- **INPUT DATA**
>>>>

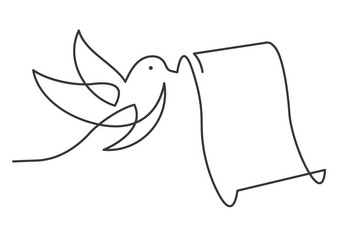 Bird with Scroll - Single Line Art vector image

<<<<
>>>>

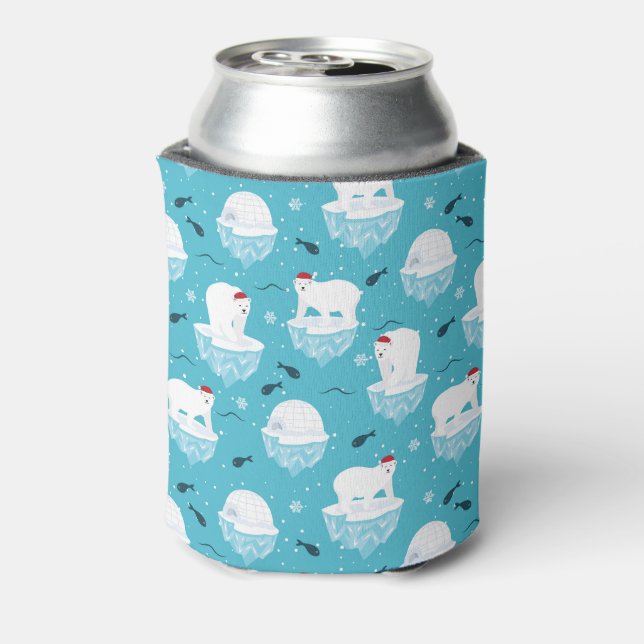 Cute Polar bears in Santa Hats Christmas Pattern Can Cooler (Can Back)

<<<<
>>>>

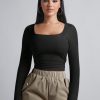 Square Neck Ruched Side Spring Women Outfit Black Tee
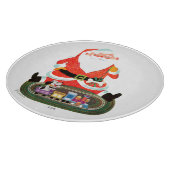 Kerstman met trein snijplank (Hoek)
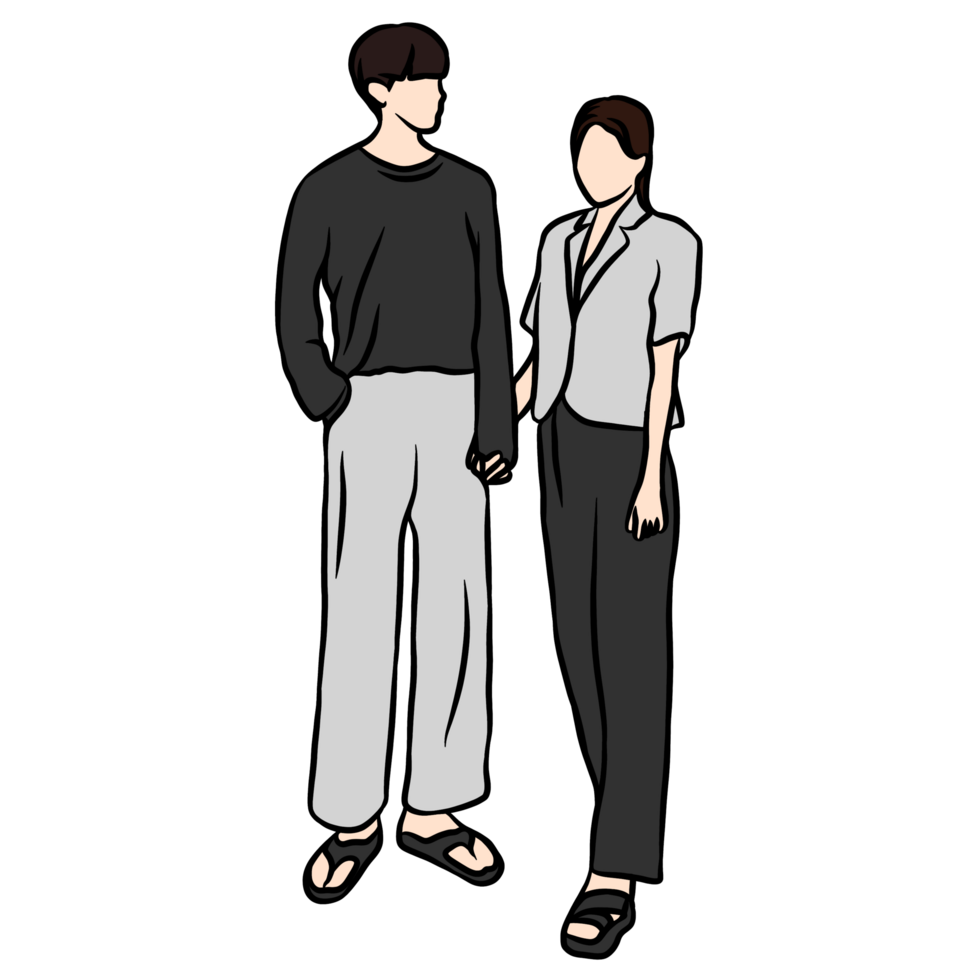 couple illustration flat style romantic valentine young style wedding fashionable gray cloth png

<<<<

- **YOUR ASSIGNMENT**
Copy exactly the material above from the line with "Square Neck Ruched" to the line with "couple illustration flat", ends included, and nothing else. Leave out any picture.

- **EXERCISE SOLUTION**
 Square Neck Ruched Side Spring Women Outfit Black Tee
 Kerstman met trein snijplank (Hoek)
 couple illustration flat style romantic valentine young style wedding fashionable gray cloth png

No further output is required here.